Is it even possible to be critical about a book that details the death of one’s son without sounding callous? I’m going to try…

Damon Weber was born with a congenital heart defect – the number one leading birth defect in all children – a single ventricle that required two surgeries immediately after his birth. For the next 13 years, Damon and his family lived a fairly normal life, free of heart complications. But that would soon change when Damon develops a rare, life threatening disease directly related to his initial heart repair. After years of treatments, medications, and failed procedures, Damon and his family are faced with the only option left – a heart transplant. What transpires after his transplant is truly tragic and a parent’s worst nightmare.

Doron Weber has written an angry, caustic, and powerful account of the life and death of his son, Damon.

Although Mr. Weber’s takes us on an amazing, but painful journey through the final years of Damon’s life and treats us to a Damon who is talented, witty, brilliant, and tireless, I’m not sure if this was Damon’s memoir or Mr. Weber’s?

It is loaded with references to Mr. Weber’s education, experience, connections, colleagues – and an arrogance that is nearly suffocating. While an advocate for his very ill son, Mr.
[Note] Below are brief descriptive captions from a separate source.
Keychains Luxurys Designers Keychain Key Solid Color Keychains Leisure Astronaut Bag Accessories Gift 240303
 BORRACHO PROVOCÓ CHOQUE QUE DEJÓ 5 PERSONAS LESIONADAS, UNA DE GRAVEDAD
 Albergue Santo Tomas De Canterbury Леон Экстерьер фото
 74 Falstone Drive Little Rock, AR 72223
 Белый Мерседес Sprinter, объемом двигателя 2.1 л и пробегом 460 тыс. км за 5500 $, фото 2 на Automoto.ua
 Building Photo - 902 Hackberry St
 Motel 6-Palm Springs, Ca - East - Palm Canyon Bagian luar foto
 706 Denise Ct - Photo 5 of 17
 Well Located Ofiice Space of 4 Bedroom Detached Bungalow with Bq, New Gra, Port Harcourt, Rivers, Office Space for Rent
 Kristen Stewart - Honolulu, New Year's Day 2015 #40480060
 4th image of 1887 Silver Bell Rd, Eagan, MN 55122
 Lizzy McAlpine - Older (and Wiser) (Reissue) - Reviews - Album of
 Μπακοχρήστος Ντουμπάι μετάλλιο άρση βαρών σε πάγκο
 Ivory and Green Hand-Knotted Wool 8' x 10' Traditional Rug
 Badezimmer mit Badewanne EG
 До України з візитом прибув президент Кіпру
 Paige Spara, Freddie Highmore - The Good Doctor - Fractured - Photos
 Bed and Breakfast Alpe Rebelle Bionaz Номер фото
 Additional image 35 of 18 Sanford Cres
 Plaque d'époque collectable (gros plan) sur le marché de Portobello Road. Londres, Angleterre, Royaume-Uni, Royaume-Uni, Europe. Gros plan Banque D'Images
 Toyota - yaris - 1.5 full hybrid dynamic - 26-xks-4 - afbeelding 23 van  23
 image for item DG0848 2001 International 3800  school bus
Weber believes his own intellect and knowledge and his access to the elite echelon of achievers in each sector of society will best the doctors who are treating his son. In reality, Mr. Weber was trying to use his contacts to play God.

But in the final pages, even with Mr. Weber’s haughty attitude, it’s ultimately a father’s (and mother’s) love that permeates the story about Damon and his fight to survive and his tragic death.

As a side note: My connection to this book is personal – my youngest son was also born with a congenital heart defect – and although his issues are different than Damon’s, the anguish I felt at the end of this book rocked my soul.

1 comment:

Julie said...

I also couldn't really get past the way this story was told; as a parent, I really wanted to connect with Mr. Weber's struggle as well as Damon's, but the author made me dislike him in this telling. I did have a lot of trepidation knowing how it would end, but the emotional connection (which I think is necessary in this type of memoir) was lacking.